Exercise requirements — Return every line of the material exactly.

Exercise data —
######
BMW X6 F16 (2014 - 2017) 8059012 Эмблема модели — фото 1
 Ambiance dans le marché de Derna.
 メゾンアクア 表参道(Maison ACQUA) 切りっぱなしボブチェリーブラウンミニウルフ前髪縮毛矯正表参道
######
Exercise answer —
BMW X6 F16 (2014 - 2017) 8059012 Эмблема модели — фото 1
 Ambiance dans le marché de Derna.
 メゾンアクア 表参道(Maison ACQUA) 切りっぱなしボブチェリーブラウンミニウルフ前髪縮毛矯正表参道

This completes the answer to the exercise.